32 PGS./Rated T+ ...$3.99

Based on everything I've seen about that "Spider-Verse" story so far, I think a SHIELD uniform is about the only costume Spider-Man hasn't worn yet. Give him a black Spidey mask with white eyes, and he's good to go...

A skull-mask to go with your skull shirt? Really, Frank? Jeez, get a pair of pants with a big skull on the crotch and you can be a snowman of skulls...

• The end of the Blue File...and the end of an era!
• But when one door closes, another one opens, and Jen finds herself face to face with her most important case yet.
32 PGS./Rated T+ ...$2.99

Well, that's one way for Soule to lighten his work load...

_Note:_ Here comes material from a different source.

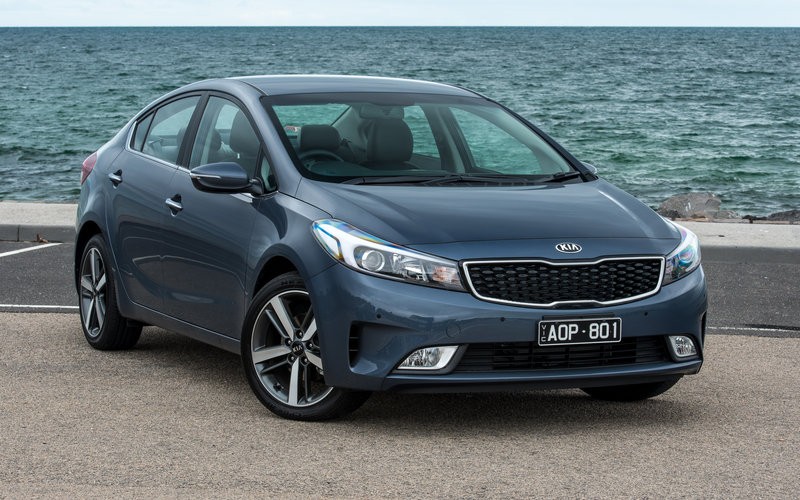 giá xe kia cerato 2019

I'm really sad to see this one go, as it's been great fun so far, and it and the also-cancelled Superior Foes of Spider-Man were the last two Marvel books I was reading serially.

Awesome Silver Surfer cover by Mike Allred.

BLANK VARIANT COVER also available
Luke Skywalker and the ragtag band of rebels fighting against the Galactic Empire are fresh off their biggest victory yet—the destruction of the massive battle station known as the Death Star. But the Empire's not toppled yet! Join Luke along with Princess Leia, smugglers Han Solo and Chewbacca, droids C-3PO and R2-D2 and the rest of the Rebel Alliance as they strike out for freedom against the evil forces of Darth Vader and his master, the Emperor. Written by Jason Aaron (Original Sin, Thor: God of Thunder) and with art by John Cassaday (Astonishing X-Men, Uncanny Avengers), this is the Star Wars saga as only Marvel Comics could make it!
48 PGS./Rated T ...$4.99

I usually edit out the variant cover info because there's usually a whole bunch of it and also because I hate variants and think they are generally a very bad thing for the comics industry, particularly when they occur as frequently as they do. I just thought I'd leave them in for this one though, just to show how ungodly many of them there actually are on this issue, and to note the fact that I have no idea what things like "Party Variant" or "Teaser Variant" actually mean. Hopefully retailers have that sort of stuff explained to them before they have to order these damn things.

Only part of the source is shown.